**THE PROBLEM**
Please set down only the lines below starting with the line with "Koszulka Olympique Marsylia" and going on through the line with "Home with brick", verbatim and without pictures.

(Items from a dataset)
• • • • •

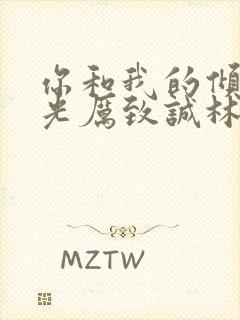 你和我的倾城时光厉致诚林浅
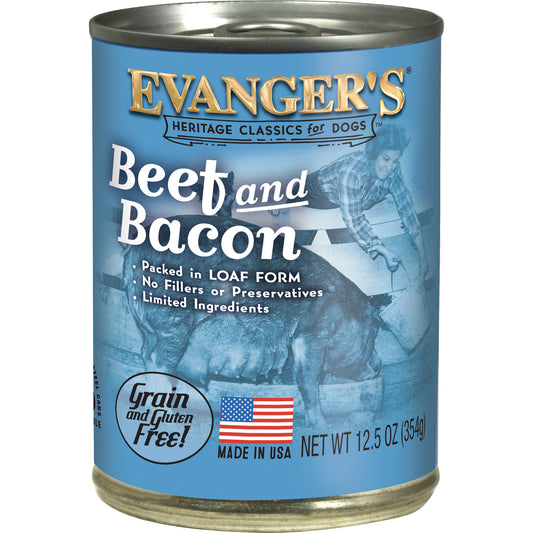Evanger's - Beef & Bacon - Dog food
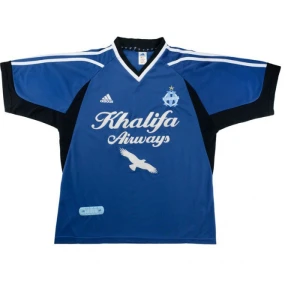 Koszulka Olympique Marsylia 2001-02 Alternatywna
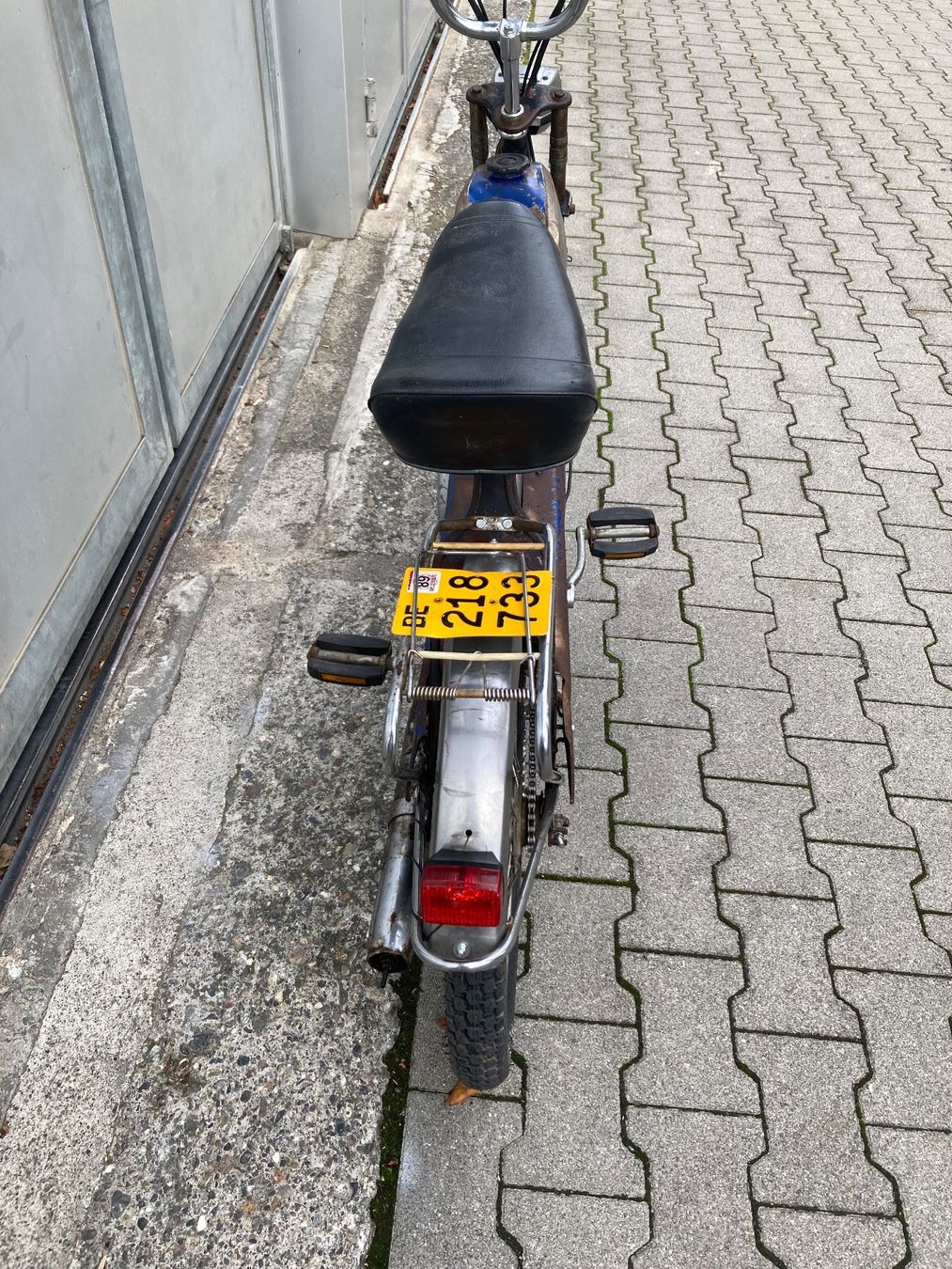 Mofas: Mofa Töffli Belmondo, Zündapp kein Puch, Sachs oder X30 – Gebraucht aus Altendorf von  6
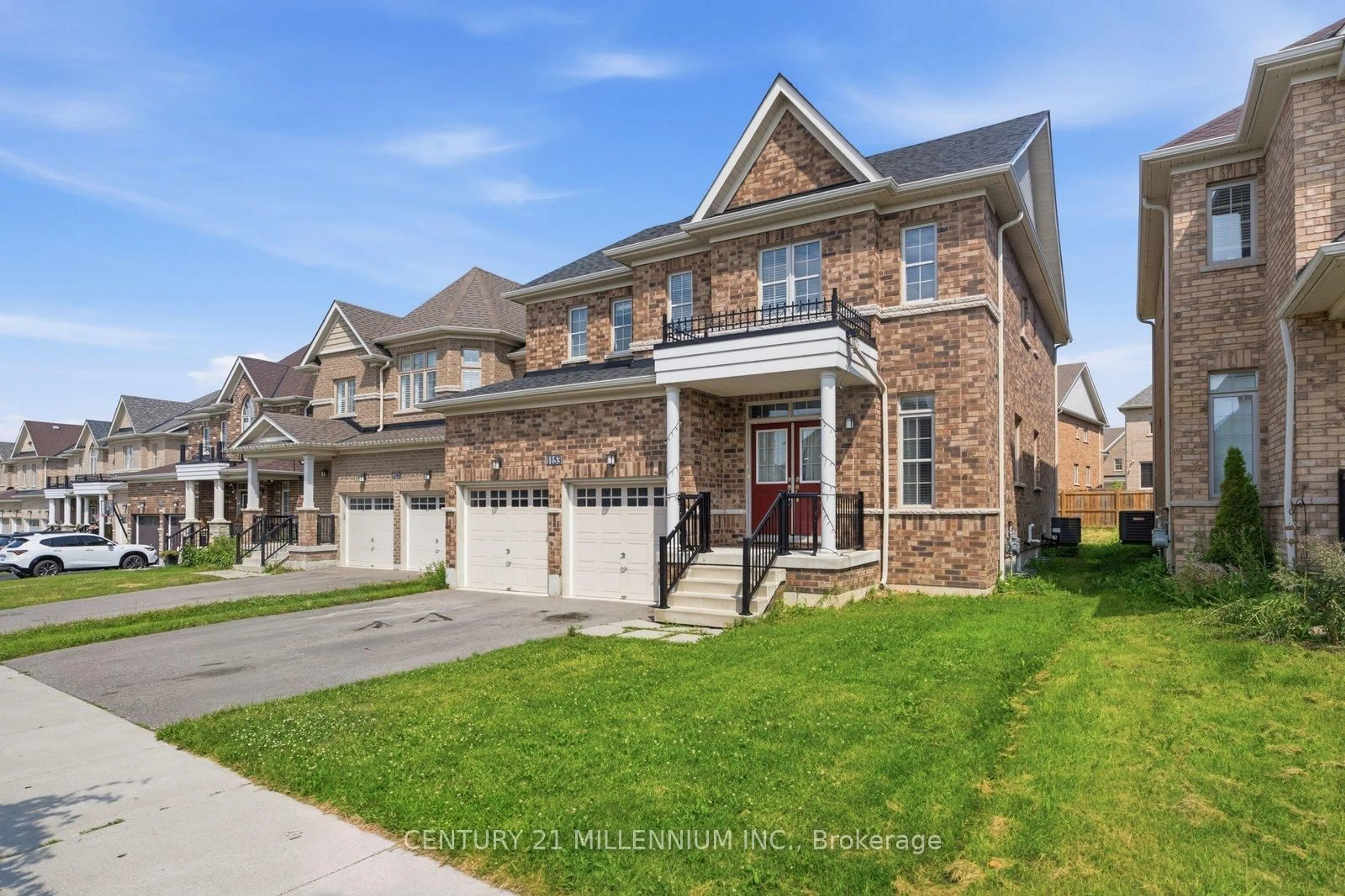 Home with brick exterior material, street for 1153 Upper Thames Dr, Woodstock Ontario N4T 0L4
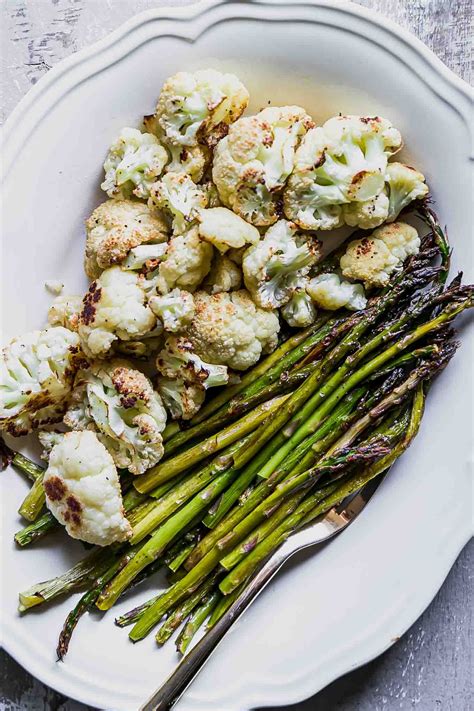 Roasted cauliflower and asparagus soup – Artofit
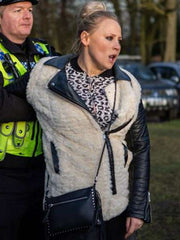Emmerdale Amy Walsh Faux Shearling Fur Jacket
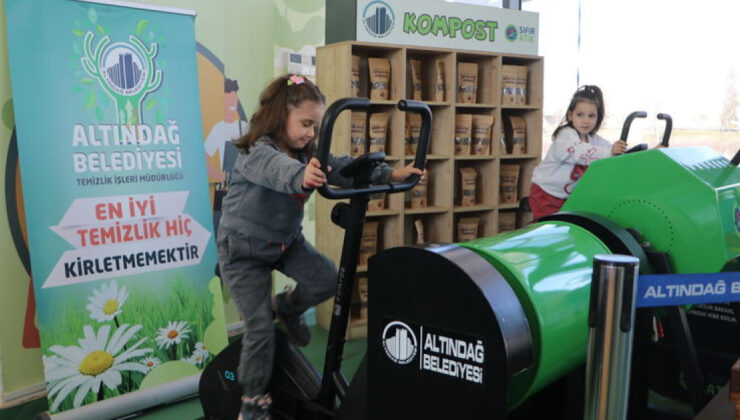 Ankara’da Sıfır Atık Okulu’ndan 40 Bin Öğrenciye Çevre Bilinci Eğitimi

• • • • •

**EXERCISE OUTPUT**
 Koszulka Olympique Marsylia 2001-02 Alternatywna
 Mofas: Mofa Töffli Belmondo, Zündapp kein Puch, Sachs oder X30 – Gebraucht aus Altendorf von  6
 Home with brick exterior material, street for 1153 Upper Thames Dr, Woodstock Ontario N4T 0L4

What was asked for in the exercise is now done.